Problem requirements> Nothing but the pictures should be left out when you copy the records exactly.

Input>
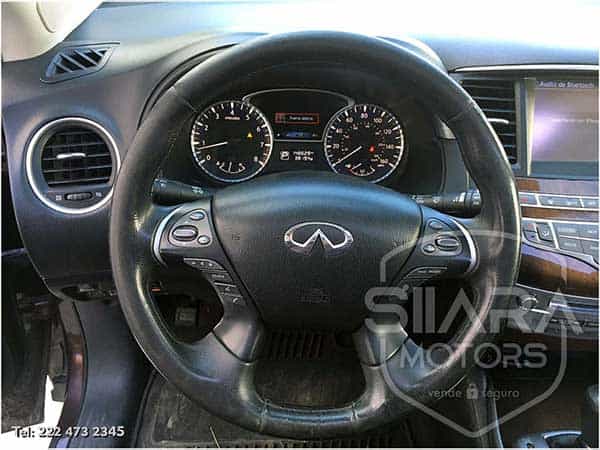 Infiniti QX60 Perfection CVT 2014 - Foto 14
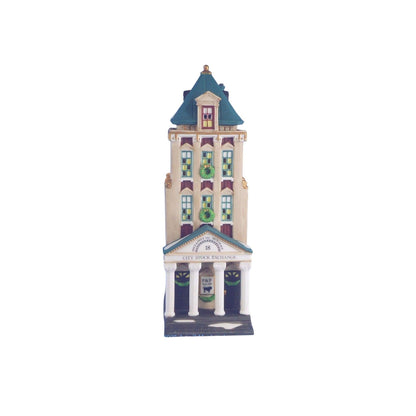 Vintage Brokerage House - Christmas in the City Series Department 56 1454153 Image1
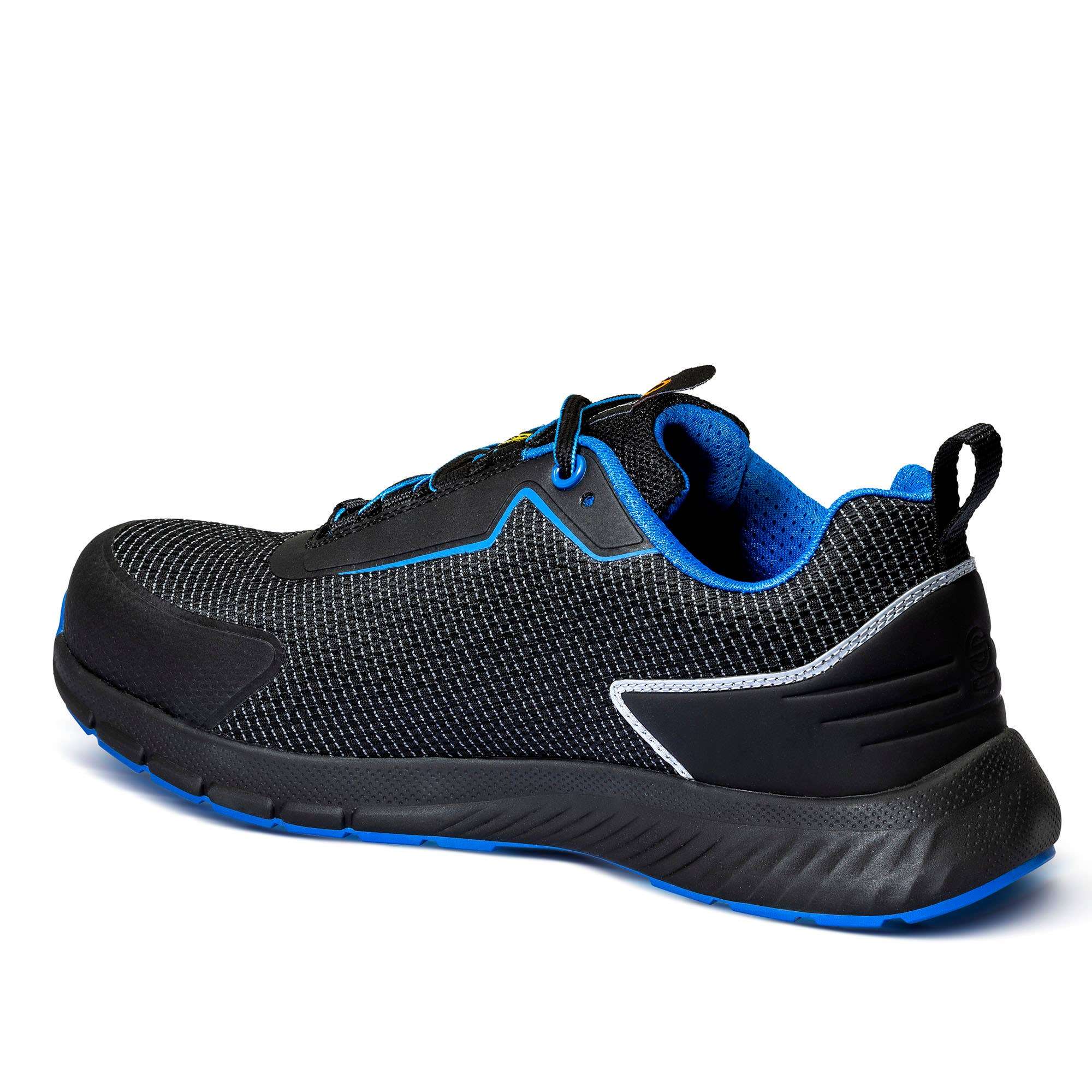 Scarpe Antinfortunistiche Sparco Traction Suzuka ESD S1PS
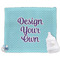 Design Your Own Security Blankets - Double-Sided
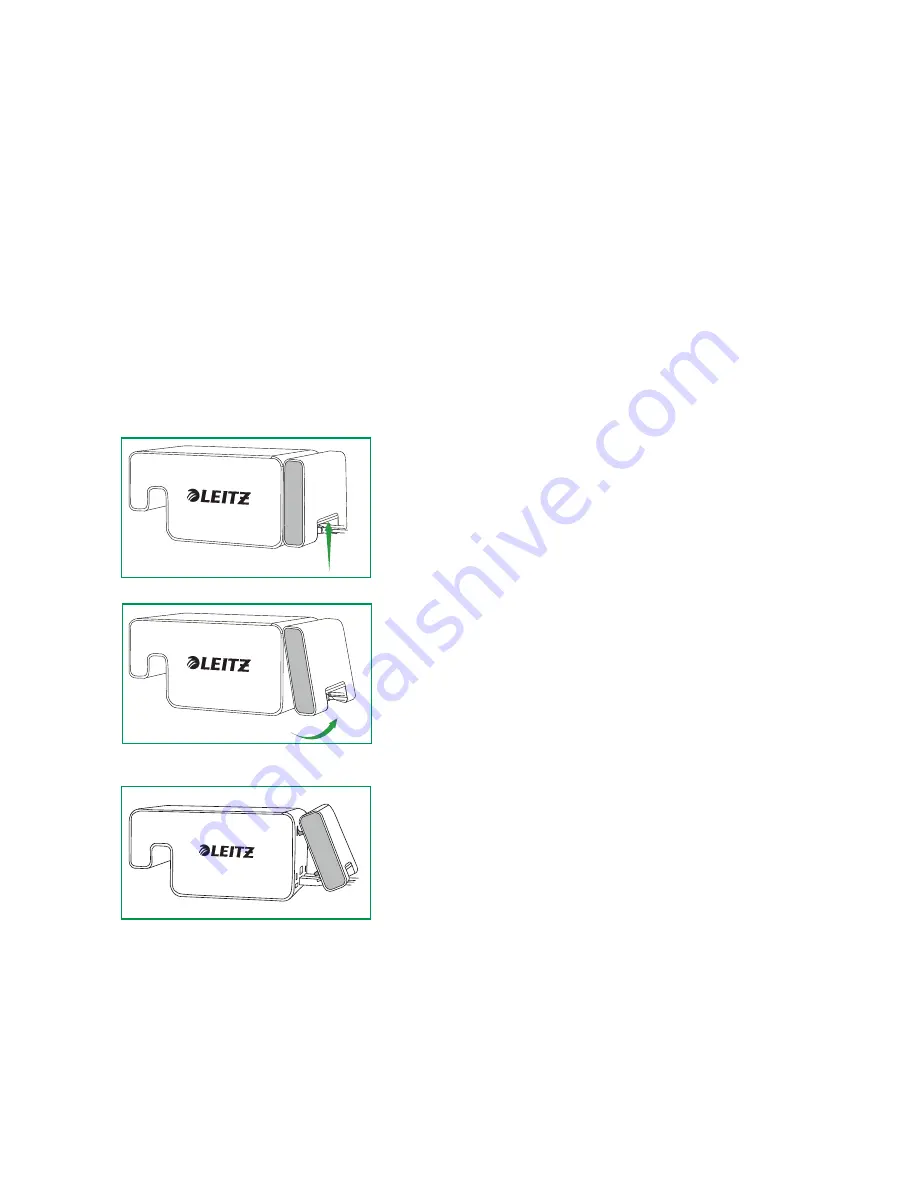 LEITZ ICON User Manual Download Page 325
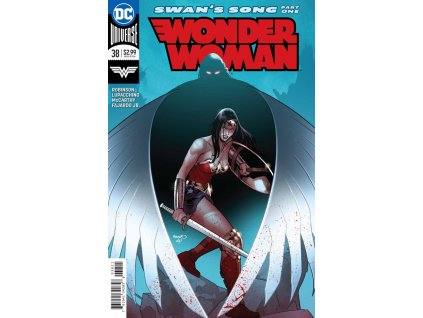 Wonder Woman #038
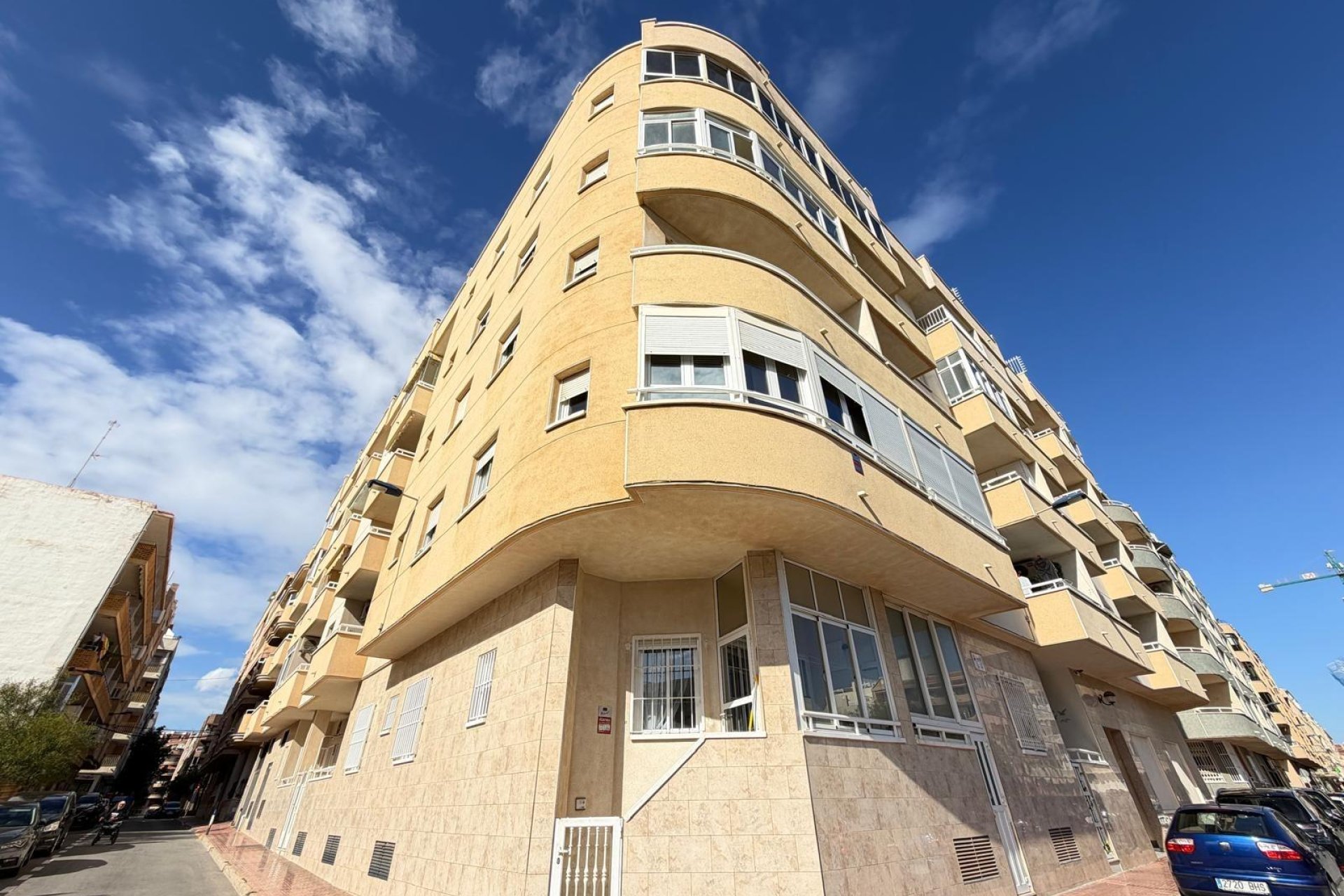 Segunda mano - Apartamento -
Torrevieja - Playa del Cura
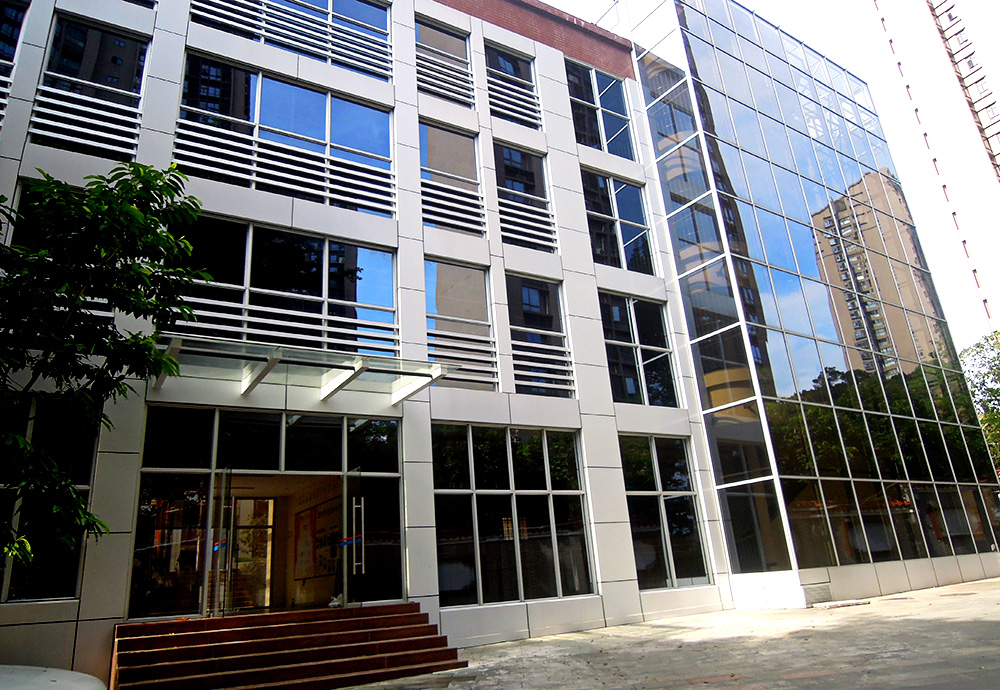 学校教学楼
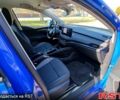 Синий Шкода Enyaq iV, объемом двигателя 0 л и пробегом 15 тыс. км за 25500 $, фото 7 на Automoto.ua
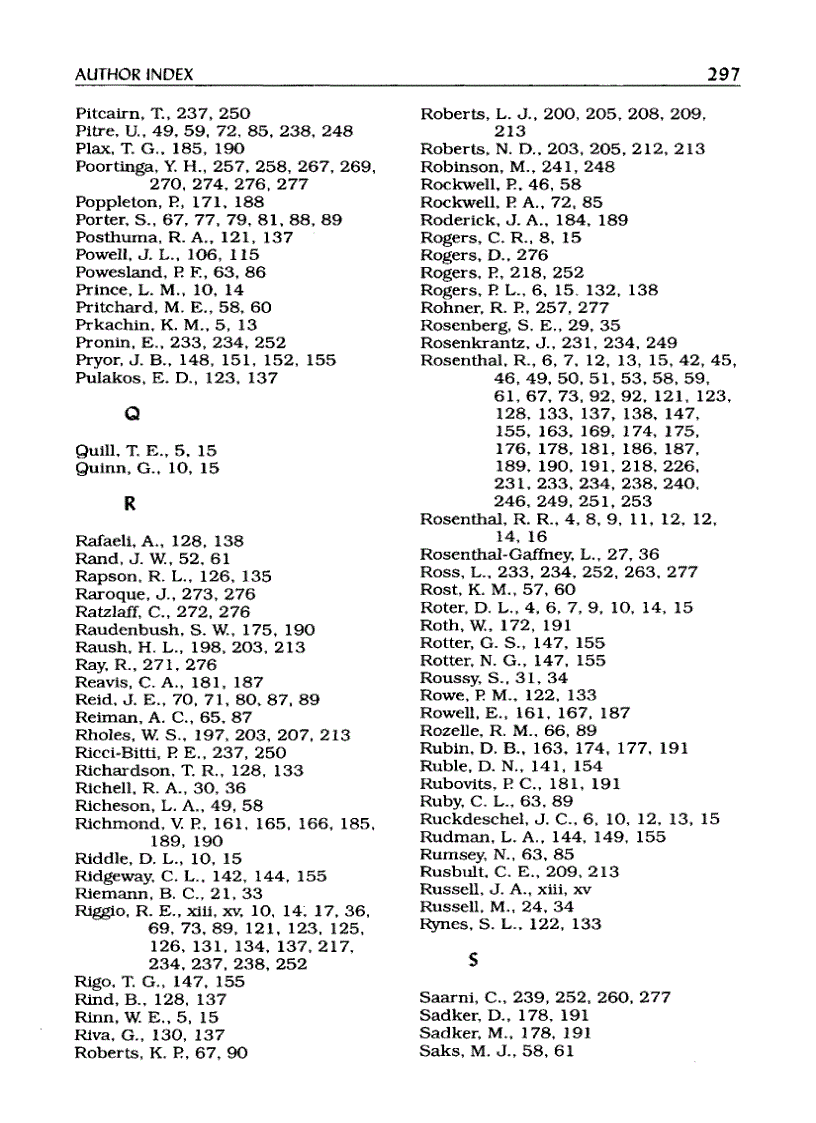 image for page Applications of Nonverbal Communication
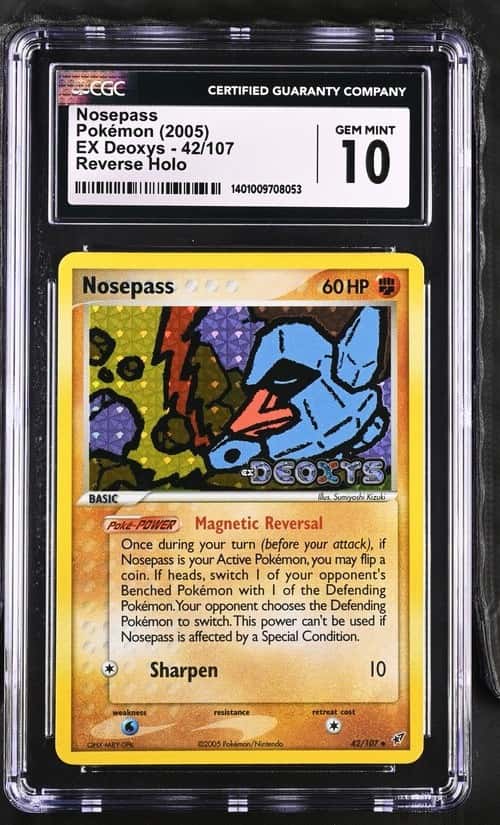 Nosepass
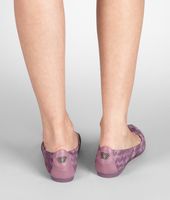 Bottega Veneta® Intrecciolusion Ballerina Bottega Veneta® Intrecciolusion Ballerina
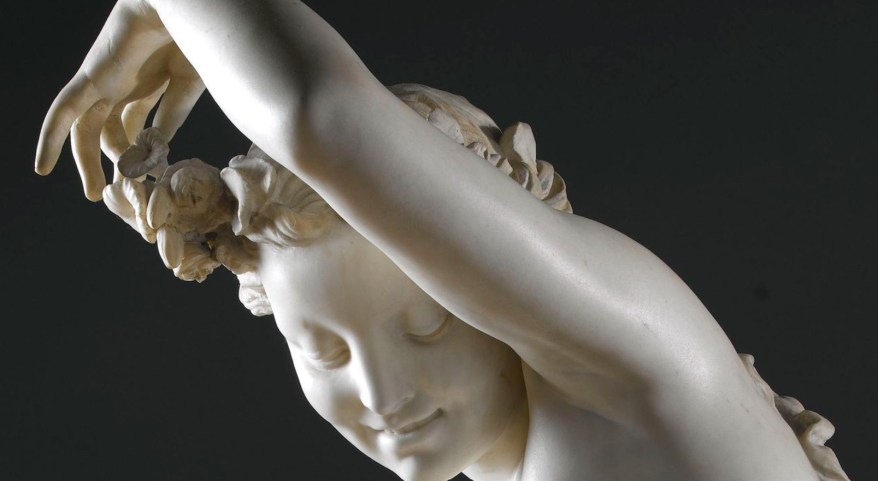 Eva: una delle prime sculture di Jules&nbsp;Dalou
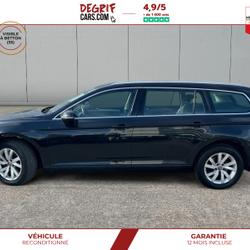 Volkswagen Passat SW 2.0 TDI Evo 122 DSG7 + APP CONNECT + GARANTIE 12 MOIS + TVA RECUPERABLE occasion - Betton - photo 2/46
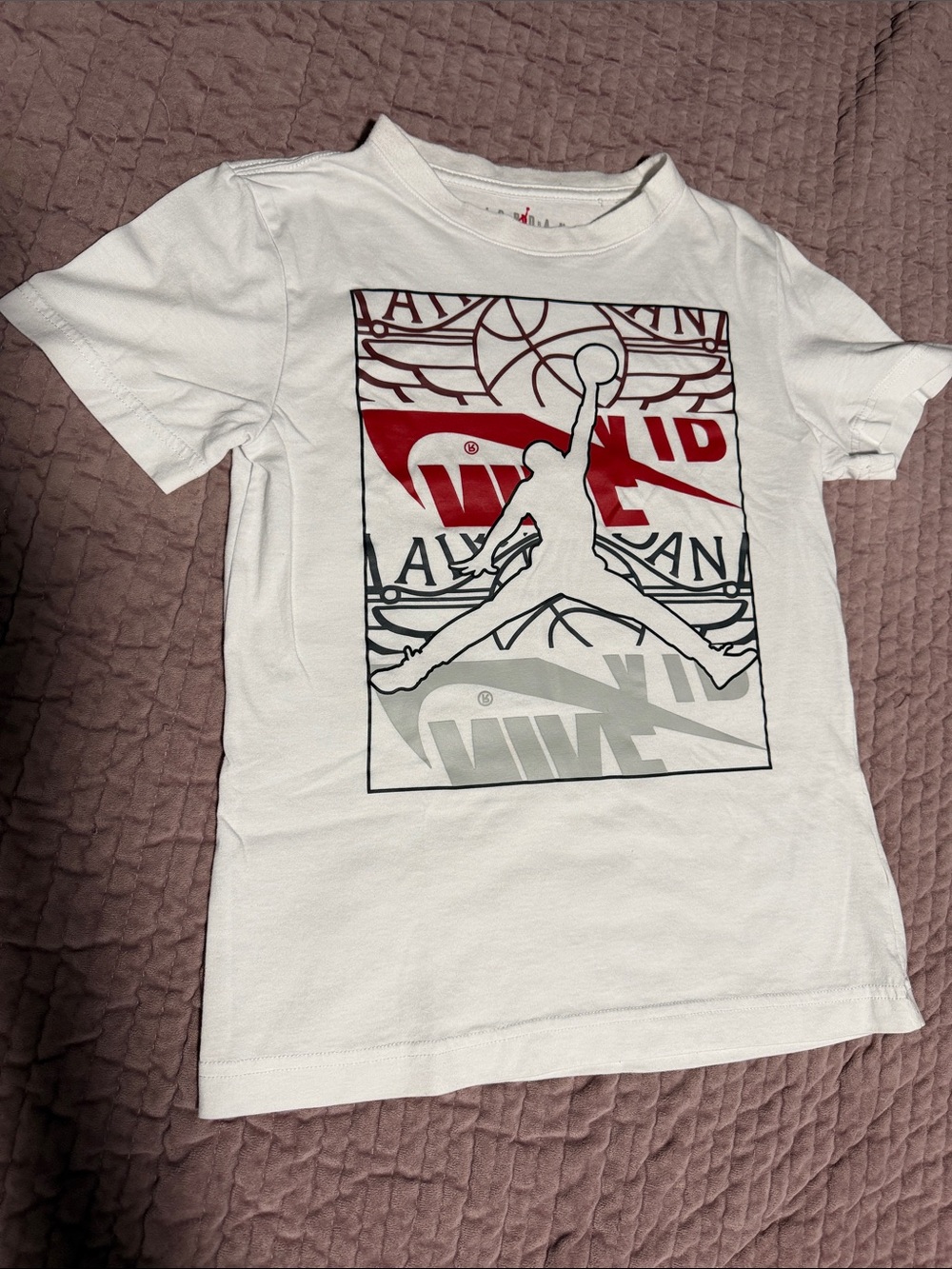 Nike/Jordan kids shirt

Solution to this exercise>
 Infiniti QX60 Perfection CVT 2014 - Foto 14
 Vintage Brokerage House - Christmas in the City Series Department 56 1454153 Image1
 Scarpe Antinfortunistiche Sparco Traction Suzuka ESD S1PS
 Design Your Own Security Blankets - Double-Sided
 LEITZ ICON User Manual Download Page 325
 Wonder Woman #038
 Segunda mano - Apartamento -
Torrevieja - Playa del Cura
 学校教学楼
 Синий Шкода Enyaq iV, объемом двигателя 0 л и пробегом 15 тыс. км за 25500 $, фото 7 на Automoto.ua
 image for page Applications of Nonverbal Communication
 Nosepass
 Bottega Veneta® Intrecciolusion Ballerina Bottega Veneta® Intrecciolusion Ballerina
 Eva: una delle prime sculture di Jules&nbsp;Dalou
 Volkswagen Passat SW 2.0 TDI Evo 122 DSG7 + APP CONNECT + GARANTIE 12 MOIS + TVA RECUPERABLE occasion - Betton - photo 2/46
 Nike/Jordan kids shirt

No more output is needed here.